- GIVEN RECORDS

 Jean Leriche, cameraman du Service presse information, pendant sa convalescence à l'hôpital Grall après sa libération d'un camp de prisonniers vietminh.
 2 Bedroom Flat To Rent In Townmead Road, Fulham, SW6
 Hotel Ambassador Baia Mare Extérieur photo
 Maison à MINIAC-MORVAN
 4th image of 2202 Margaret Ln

---

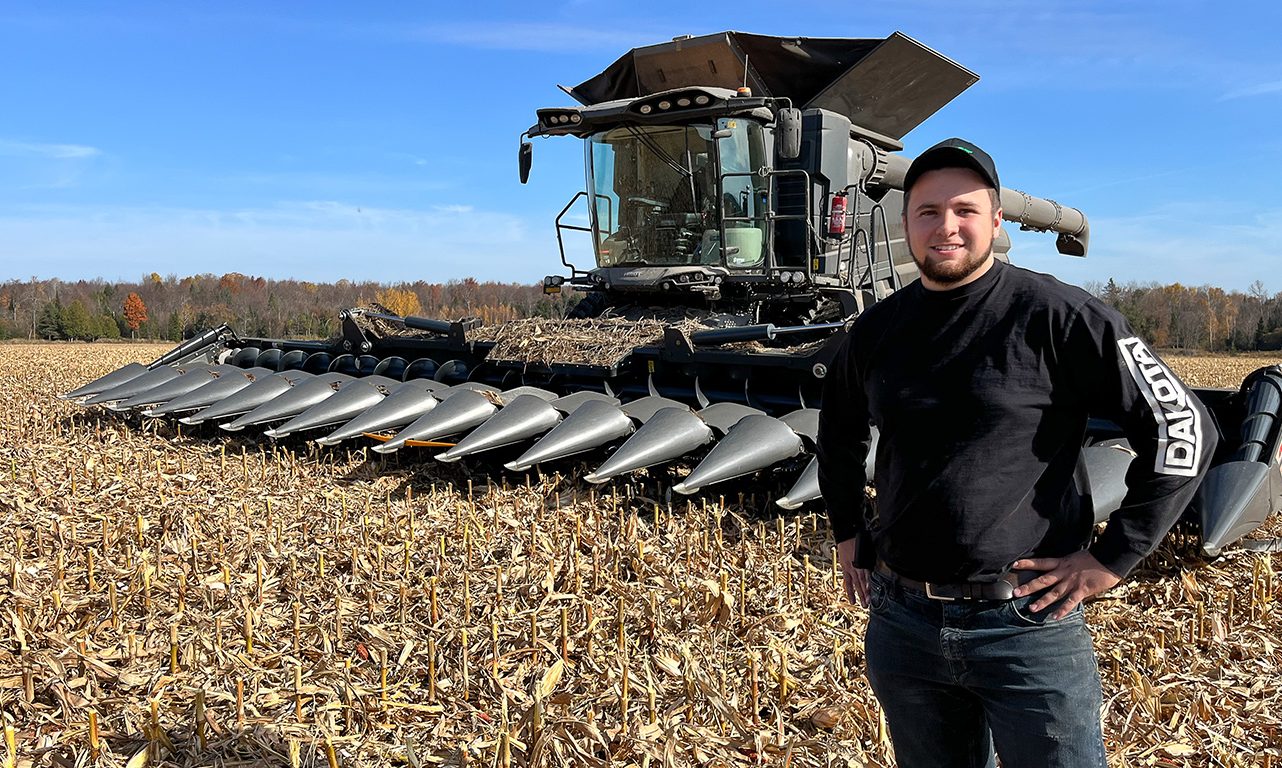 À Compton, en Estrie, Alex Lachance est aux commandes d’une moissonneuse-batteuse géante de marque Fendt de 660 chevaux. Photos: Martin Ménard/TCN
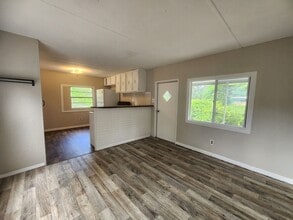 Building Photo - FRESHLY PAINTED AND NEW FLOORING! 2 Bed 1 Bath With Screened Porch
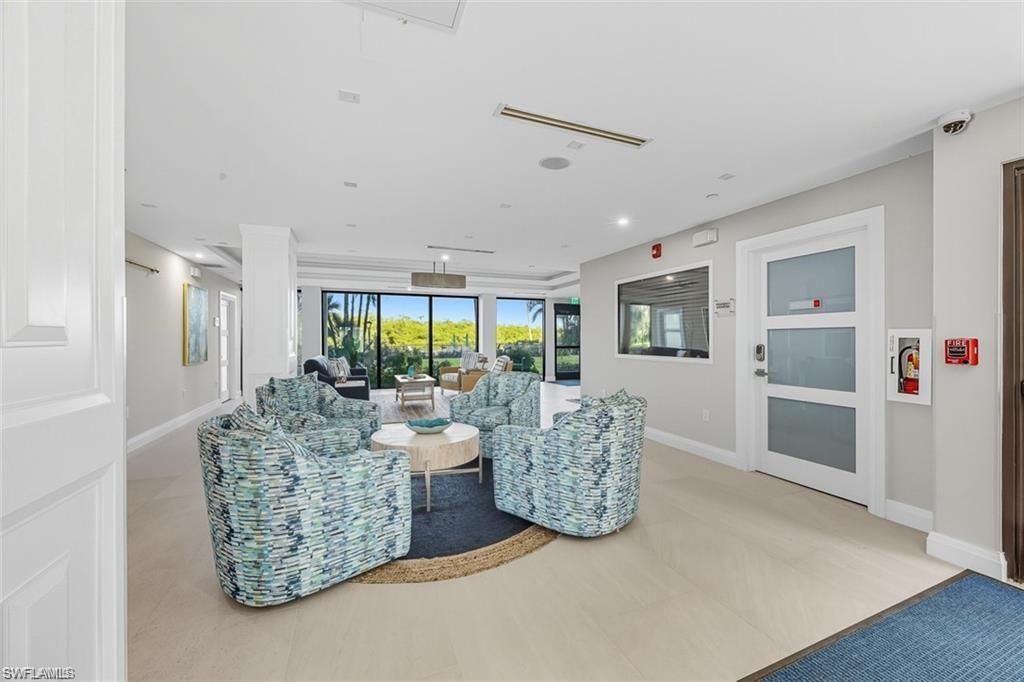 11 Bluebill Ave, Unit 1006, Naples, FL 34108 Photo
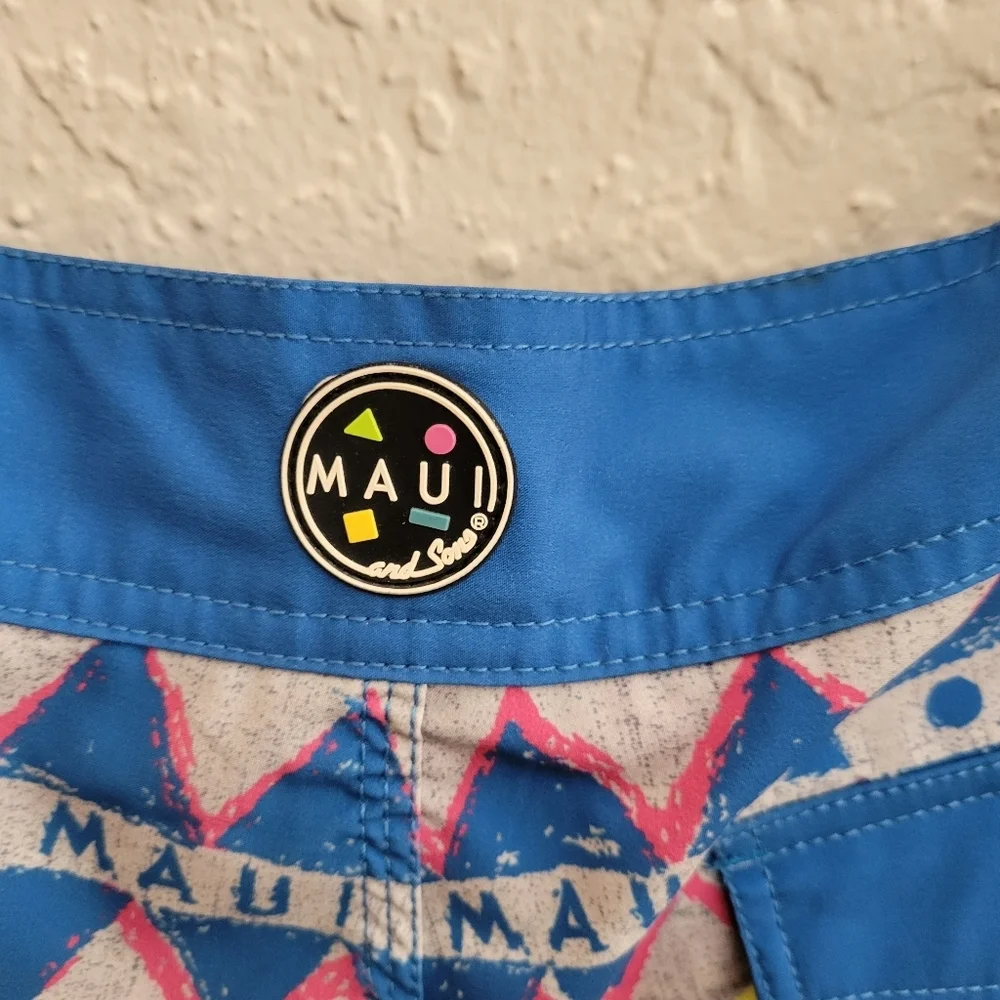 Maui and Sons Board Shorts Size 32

--

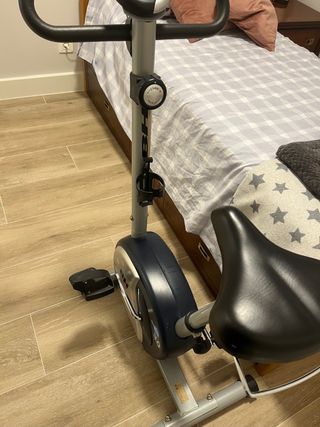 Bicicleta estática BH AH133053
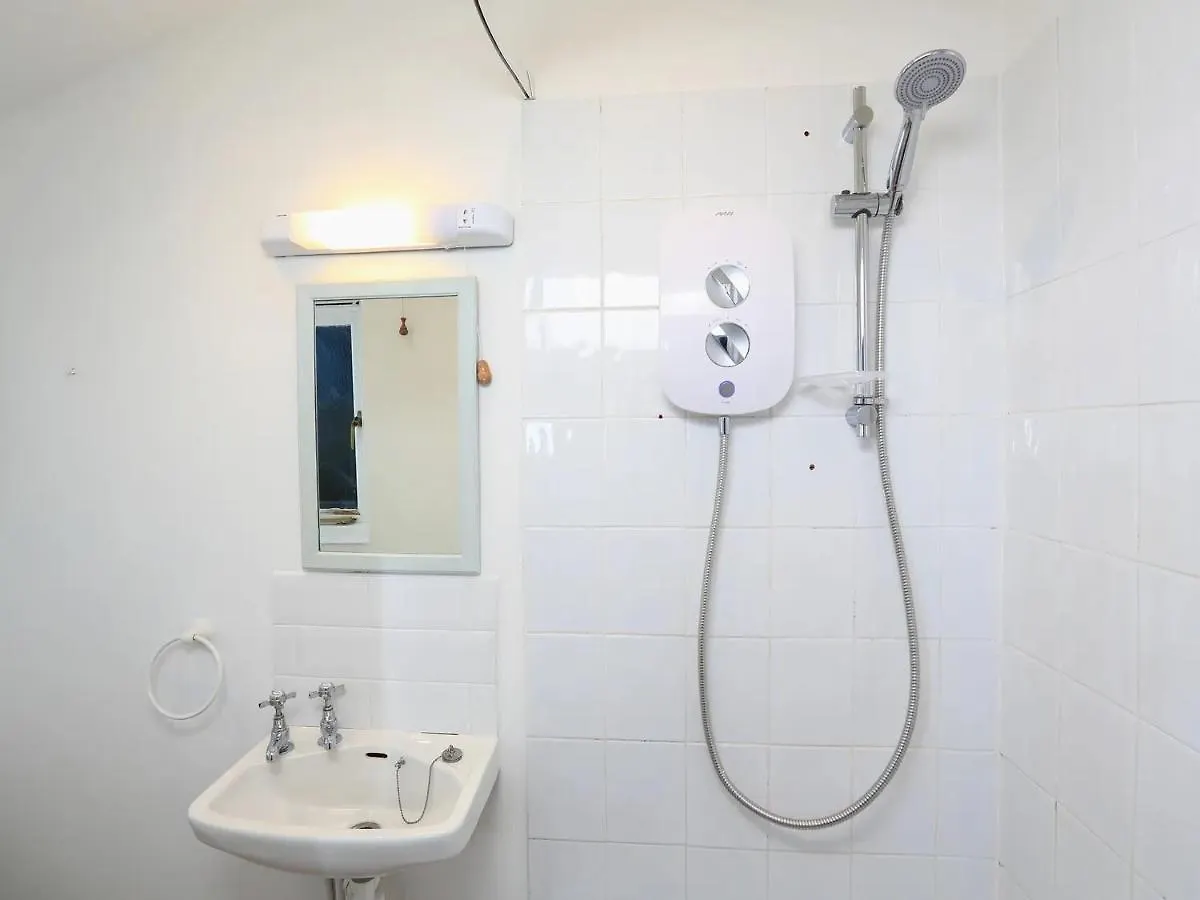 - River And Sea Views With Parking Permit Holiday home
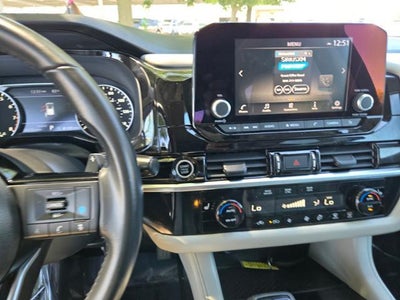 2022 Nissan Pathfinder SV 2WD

- TASK DESCRIPTION
Your answer must consist solely of the lines above between the line holding "Maison à MINIAC-MORVAN" and the line holding "4th image of 2202 Margaret Ln", inclusive, copied exactly.

- TASK RESULT
 Maison à MINIAC-MORVAN
 4th image of 2202 Margaret Ln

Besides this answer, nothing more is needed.